Early morning -- I move my new car out of the driveway onto the muddy street. One day and it's already filthy. Rockaway is one giant dust bowl. The cleansing rain didn't cleanse enough.

10AM: Mike the air condition/heating guy sends over a 3 man crew to finish the work of replacing damaged equipment which will give us heat on the main level of the house (we already have the 3 bedrooms working off the individual room heat exchangers. All we need is for Ken the electrician to come and run a new line to the compressor and we could stop hovering over the stove burners, which we are sure is giving us CO2 poisoning. (Excuse me while I take a nap). We also need Ken to start rewiring and reconnecting our power throughout the house so we can stop running extension cords from the garage throughout the house. But my last contact with Ken was not promising. If he ever finishes I would be close to back to normal.

1PM: I'm in the midst of demolishing more sheet rock between basement and den, along with a basement closet that was never taken apart -- and I'm finding some ugly mold. I should have taken care of this before. I figure I could leave for the DA around 2:30. But lo and behold Ken shows up to run the line to the compressor. I practically beg him to connect up some of the lines that didn't get wet. He says maybe if he has time. In the meantime he tells me some bad news. He won't rewire the wet stuff in the basement which powers our entire kitchen/dining room and who knows what else until I clean up the area near the ceiling and spray it for mold. My wife doesn't want these pros in who will toss all kinds of poison around --- they want to use a fogger and we would have to abandon the house for most of a day with the cats. She wants us to mix up a solution of vinegar and water and go at it. She orders a dehumidifier to help dry out the basement. Now we did have some anti mold spraying done when the crew we hired cleaned out the basement just 5 days after the storm. But there's a hell of a lot of remaining grit up near the rafters that has to be sprayed and we have to do that before the new wiring. I'm seeing Xmas with extension cords. Ken says I should cut all the BX cables myself and pull them out. But where do I cut them so he can follow the trail when he comes back? Jeez.

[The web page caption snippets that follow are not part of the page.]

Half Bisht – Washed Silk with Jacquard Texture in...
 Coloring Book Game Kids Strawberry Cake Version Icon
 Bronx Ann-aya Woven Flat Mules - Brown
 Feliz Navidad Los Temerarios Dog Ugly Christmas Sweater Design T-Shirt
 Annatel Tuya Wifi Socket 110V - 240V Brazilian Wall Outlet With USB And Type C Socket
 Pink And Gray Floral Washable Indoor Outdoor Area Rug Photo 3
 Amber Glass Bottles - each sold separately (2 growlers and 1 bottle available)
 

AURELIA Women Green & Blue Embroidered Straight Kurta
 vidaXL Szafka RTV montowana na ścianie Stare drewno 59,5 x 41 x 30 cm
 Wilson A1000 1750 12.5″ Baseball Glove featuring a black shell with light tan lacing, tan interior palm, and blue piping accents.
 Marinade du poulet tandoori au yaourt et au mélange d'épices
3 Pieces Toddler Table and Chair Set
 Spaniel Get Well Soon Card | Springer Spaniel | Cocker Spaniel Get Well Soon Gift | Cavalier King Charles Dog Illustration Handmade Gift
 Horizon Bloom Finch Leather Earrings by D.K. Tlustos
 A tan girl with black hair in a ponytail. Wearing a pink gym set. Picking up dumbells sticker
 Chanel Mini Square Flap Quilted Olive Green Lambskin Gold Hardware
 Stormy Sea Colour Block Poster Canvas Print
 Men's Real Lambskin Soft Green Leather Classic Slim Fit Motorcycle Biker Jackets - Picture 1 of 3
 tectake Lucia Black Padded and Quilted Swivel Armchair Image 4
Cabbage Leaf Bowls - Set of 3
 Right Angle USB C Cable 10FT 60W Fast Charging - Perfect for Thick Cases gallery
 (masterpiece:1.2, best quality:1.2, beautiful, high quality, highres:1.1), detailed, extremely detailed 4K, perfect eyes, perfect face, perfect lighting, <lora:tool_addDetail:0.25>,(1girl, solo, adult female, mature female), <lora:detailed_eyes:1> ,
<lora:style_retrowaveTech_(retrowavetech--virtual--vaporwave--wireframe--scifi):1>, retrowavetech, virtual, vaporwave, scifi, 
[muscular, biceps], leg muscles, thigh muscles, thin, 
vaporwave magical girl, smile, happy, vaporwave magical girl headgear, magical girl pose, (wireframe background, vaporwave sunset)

3PM: So as usual I ignore the issue and just keep demolishing -- the DA is slipping away but I am having more fun. I decide to hang around to try to catch Ken who is taking a very long time running and connecting this one cable to see if he would do some more work since he is already here. I go upstairs for a bite and to warn up. When I go back down Ken is gone. The AC crew is still working and since the line is hooked up we will have heat from the main level units by tonight. I have to wait until they finish so I can shut the garage door. If they are gone by 5 I can still leave and make the MORE meeting which will be in some bar where I can drink enough to forget the mold for a few hours.

5PM: The AC guys finish and proudly turn on the heating units on the main level. Glorious feel of warm air gushing out. We now have 5 individual units to heat the entire house other downstairs.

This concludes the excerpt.